Do you know a good MySQL replication *failover* tutorial?

Question

Fellow HNers,I&rsquo;m finding lots of tutorials on setting up MySQL replication (the Digital Ocean ones are particularly great), but I&rsquo;m struggling to find good failover tutorials.So for example you&rsquo;ve got basic Source/Replica replication set up, but what&rsquo;s the best practise to fail over to said replica when the source dies?I have a rough plan that I&rsquo;ve worked out but I&rsquo;d love to see some meaty tutorials that cover this topic and demonstrate it in practise.Any links (or google schooling for my admittedly old brain) would be appreciated.Thanks!

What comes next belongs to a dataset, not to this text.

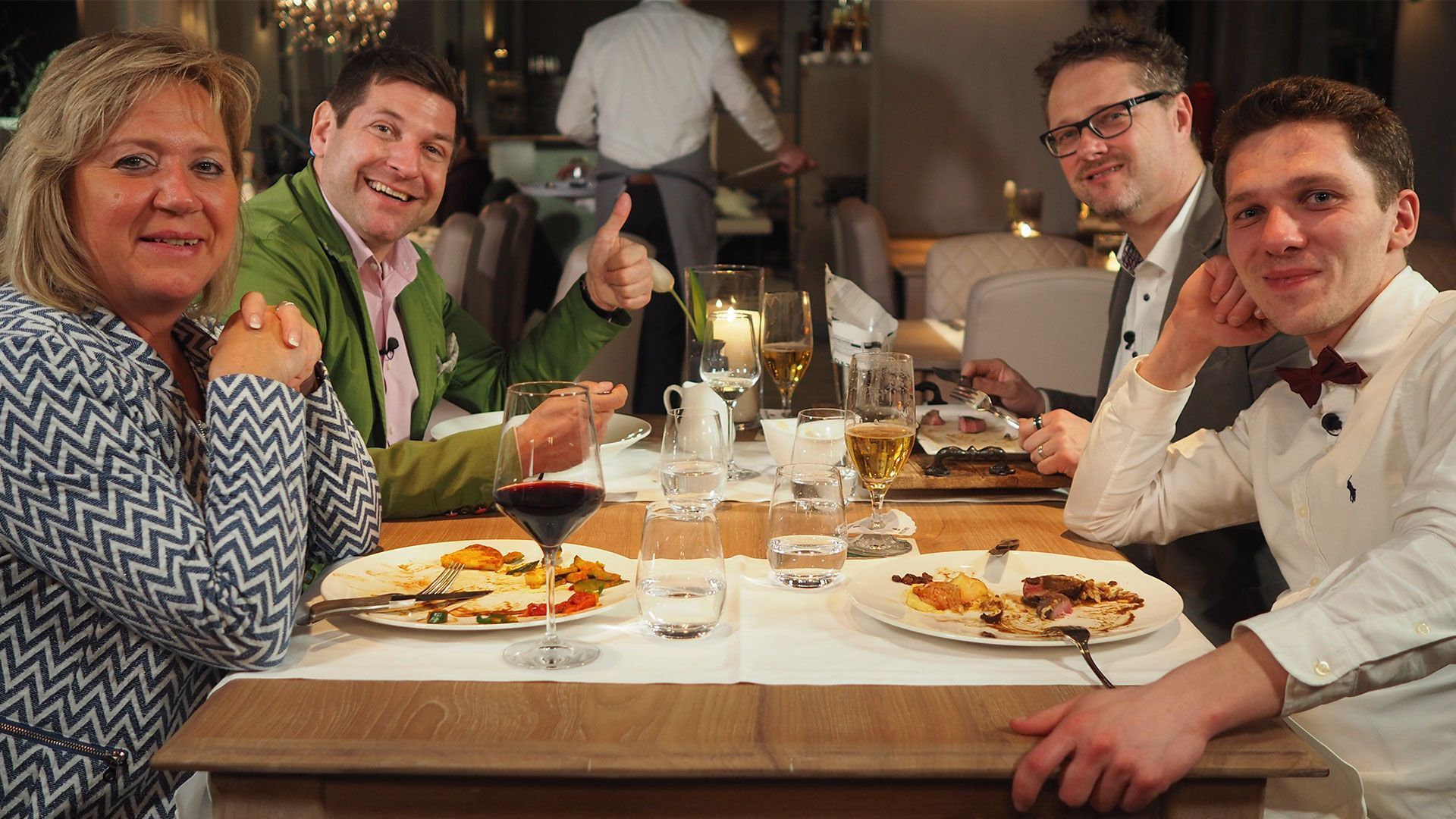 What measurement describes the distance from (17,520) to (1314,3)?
9.80 meters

eklitzke · Accepted Answer

I don't have any links but the way I would recommend doing this in production is a replication topology like A -> B -> {C, D, E, ...}. In this notation A is the master database, B is a replica of A, and {C, D, E, ...} are all replicas of B.
A and B need to have identical hardware specs (but the replicas can have a different spec if that makes sense). You won't issue any queries to B in normal operation, only possibly during failover. This is important because it lets you know that when a failover happens B will actually be able to handle the load that A was previously handling.
If A fails then you just change your app configs/proxies/whatever to use B as the master instead of A. Depending on how you have this set up you may not even need to run any commands on B, you can have it set up to just accept writes, so all you need to do for failover in this scenario is update your app/routing configs to use B as the master instead of A.
If B fails then things are still quite easy: you just need to update all the replicas {C, D, E, ...} to use A as their master. In this scenario you're not changing anything in your configs/proxies, you're just running some commands on the replicas to change which host they replicate from. This is always safe because A is by definition always ahead of B, so there are no replication race conditions. There's a small risk here that the additional load on A (because it's now replicating to N downstream hosts instead of just one) will cause problems, but usually replication overhead is low so this won't be an issue if you just make sure you've provisioned things so that A always has a bit of excess bandwidth/CPU capacity in case of a failover (having some excess capacity is just good common sense anyway).
If you have a LOT of database hosts (say, 10+) then in this design pattern at some point you're going to have a problem where there are so many replicas replicating from B that it will struggle to keep up with the bandwidth/load from replication. If you get to this point you can have some more complicated tiered fanout architecture where you have replicas of replicas.
Definitely make sure you practice failover from time to time (probably once when you set things up, and then once a year or so after that). I would recommend using some kind of staging cluster or docker/vm environment to make sure you're confident in running all the commands and have playbooks before you implement this in production.